2.2 The Continuity of service plan contains processes
and procedures to address both the more routine temporary suspension,
as well as measures to be taken in the event of critical failure.
While such a plan must look at the system as a whole, given that there
are three types of major system component in the LRIT system: the
IDE, the DDP server and the individual DCs, it should outline measures
to be taken in the event of, firstly, a temporary suspension or reduction
of the service provided of each of these individual components; and,
secondly, a disaster that results in a critical failure of each component.
2.3 The IDE is a message handling service that
facilitates the exchange of LRIT information amongst DCs to enable
LRIT Data Users to obtain the LRIT information they are entitled to
receive. The IDE routes LRIT information between DCs using the information
provided in the DDP. Any suspension of operations or reduction of
the service provided by the IDE has direct and immediate implications
across the entire LRIT system. A critical failure of the IDE without
a comprehensive disaster recovery plan would effectively shut down
the LRIT system. There is therefore a requirement for the IDE operator
to make significant and real time operational decisions 24 hours a
day, 365 days a year.
2.4 The DDP provides operational rules facilitating
the exchange of LRIT information between DCs. Unlike the IDE, a transient
failure of the DDP server to provide notifications and downloads of
the DDP would not necessarily completely prevent the LRIT system from
continuing to function, as messages can continue to be exchanged between
DCs via the IDE, disabling the DDP version number checking function.
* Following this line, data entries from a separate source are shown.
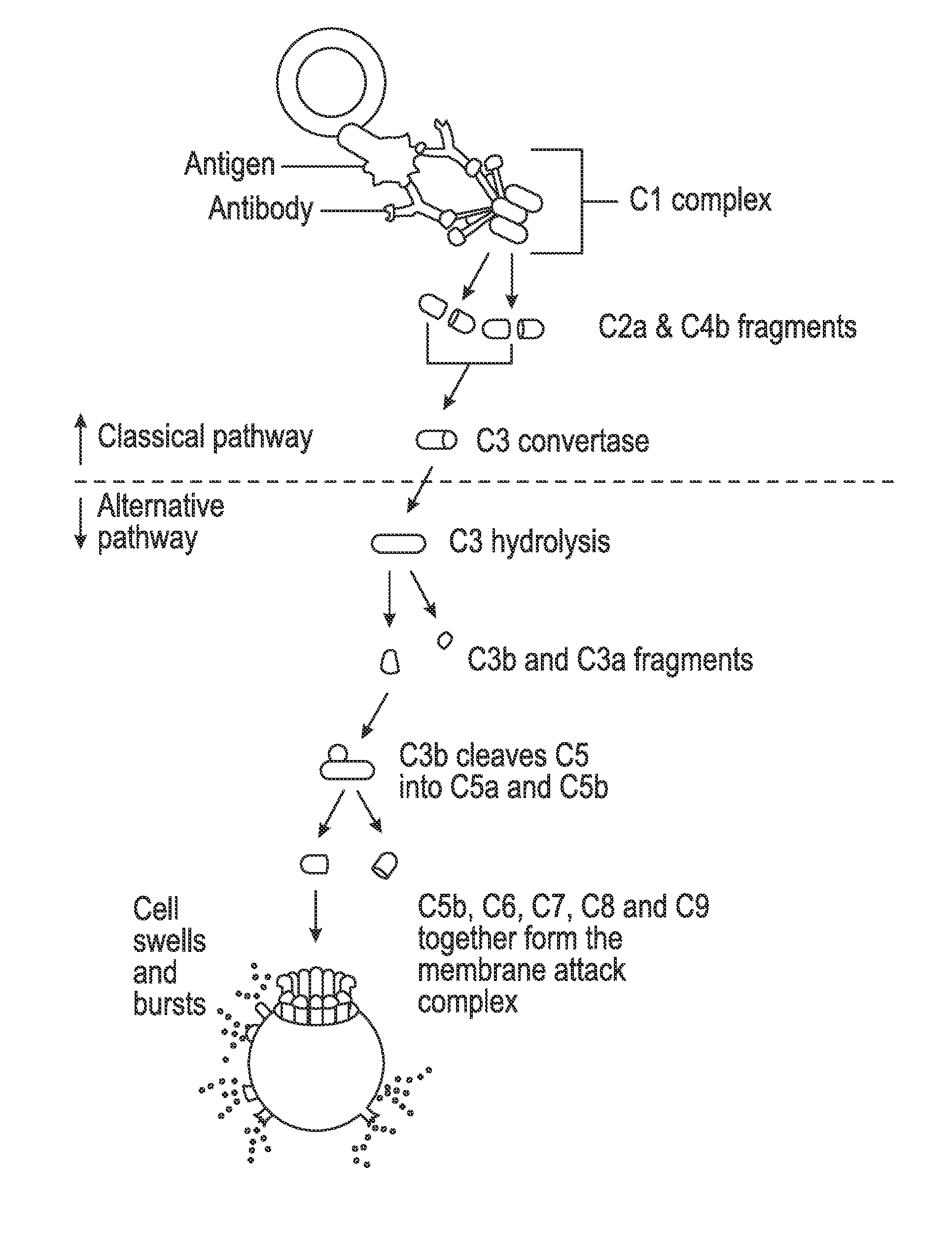 Compositions and Methods for the Treatment of Hepatic Diseases and Disorders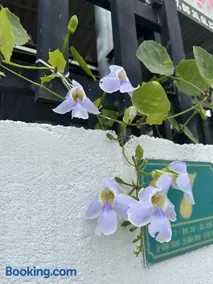 Nhà nghỉ Ngọc Phượng - Image 2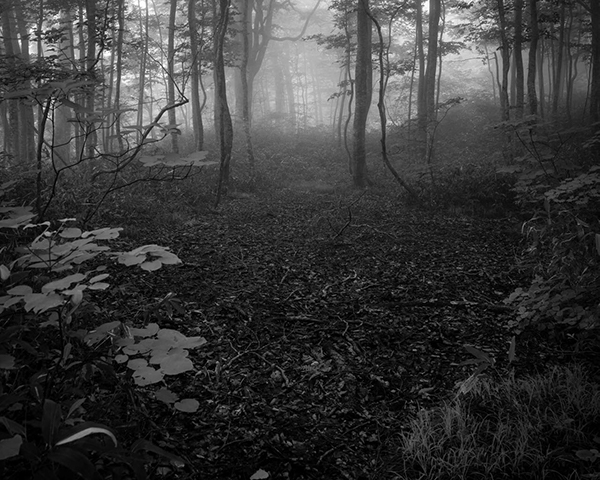 高橋和孝 Kazutaka Takahashi「こだまの領域 SylvanSpirit_2」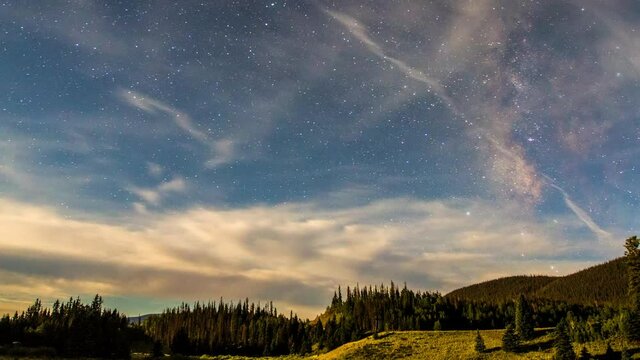 Time Lapse Lockdown Shot Of Green Trees At Rio Grande National Forest From Night To Day - Creede, Colorado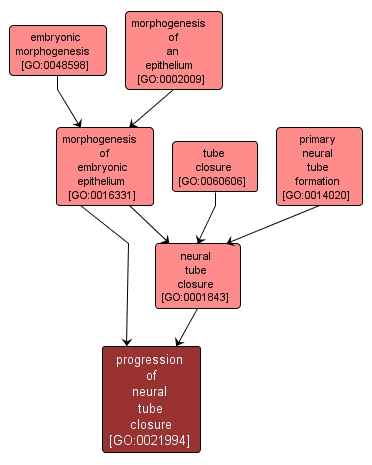 GO:0021994 - progression of neural tube closure (interactive image map)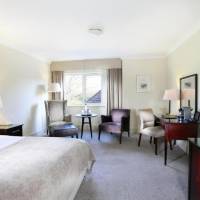 Room #12469873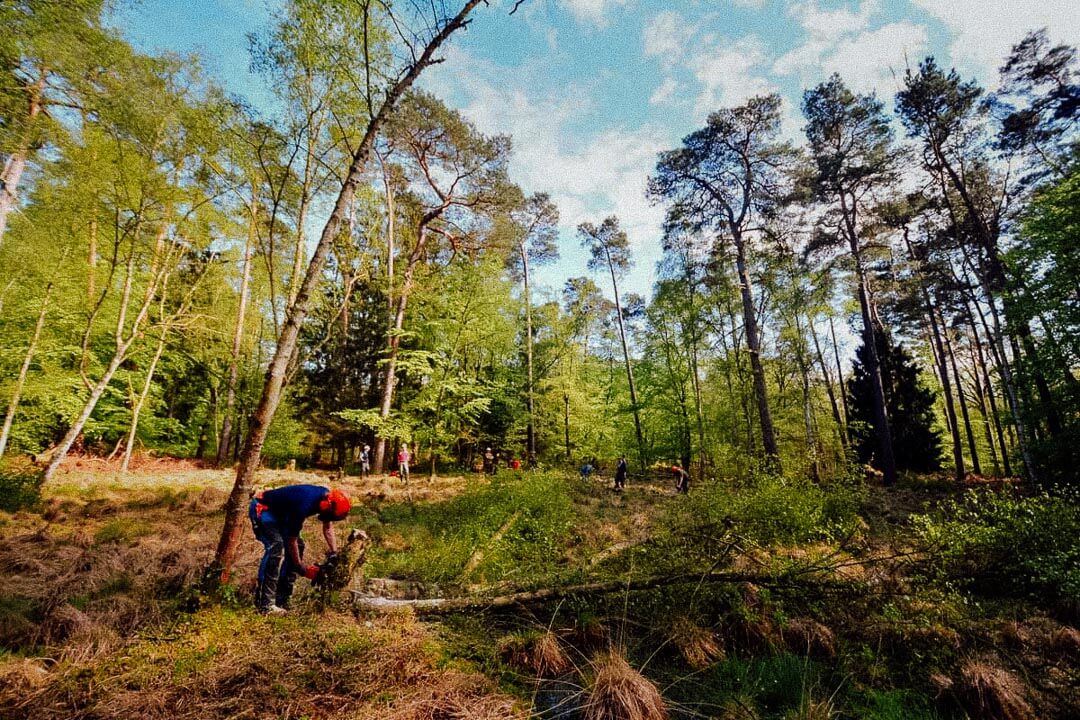 Waldlichtung mit Personen beim Arbeiten.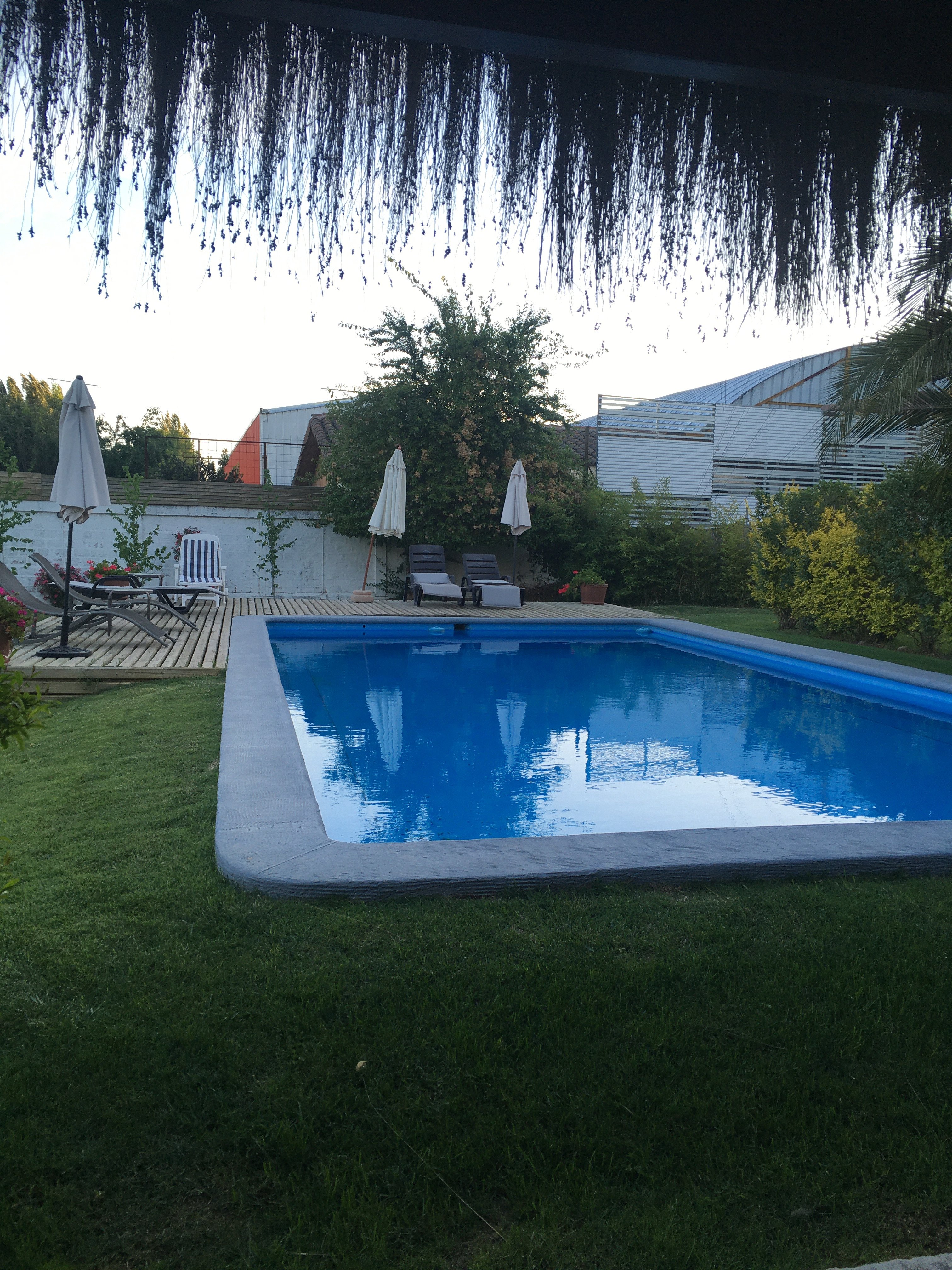 Hostal Boutique Casa Calfu B&B-泳池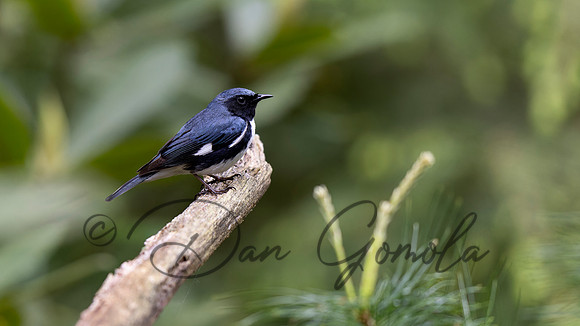 Black-throated Blue Warbler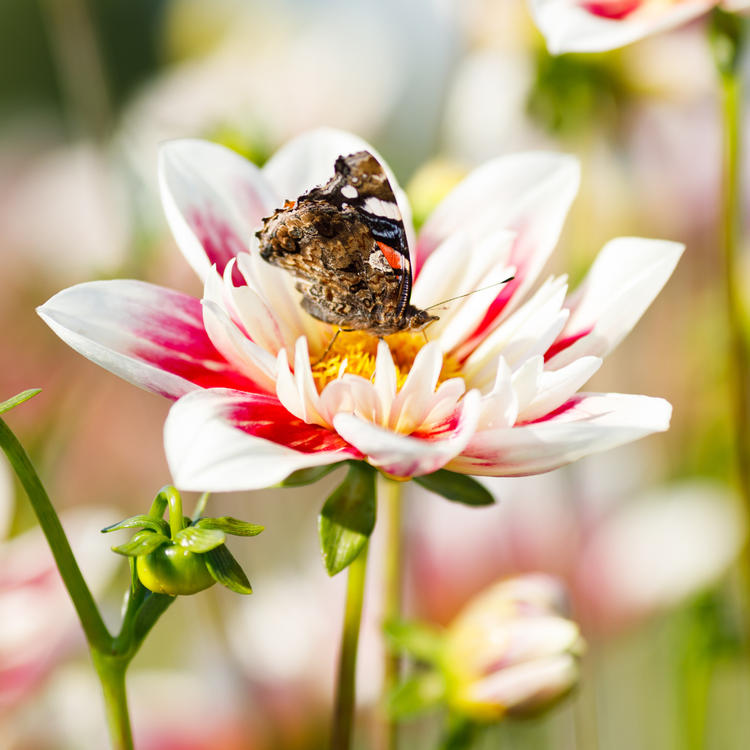 Dahlia Collarette Fashion Monger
2.5 However, the unavailability of the DDP server
could affect in particular DCs or the IDE, depending on the timing
and requirements of those components for obtaining the latest versions
of the DDP, potentially having serious ramifications on the normal
operation of the LRIT system as a whole.
2.6 Furthermore, for compliance with the provisions
of SOLAS regulation V/19-1, the availability of the DDP server should
be regarded as a priority equal to that of the IDE, in order to ensure
that the system is operating in accordance with the predetermined
rules at all times.
2.7 The Revised performance standards stipulate
that all DCs should establish and continuously maintain systems which
ensure, at all times, that LRIT Data Users are only provided with
the LRIT information they are entitled to receive as specified in
SOLAS regulation V/19-1. In order
to meet these requirements, DCs should have procedures and processes
in place to address planned or unplanned interruptions to their systems.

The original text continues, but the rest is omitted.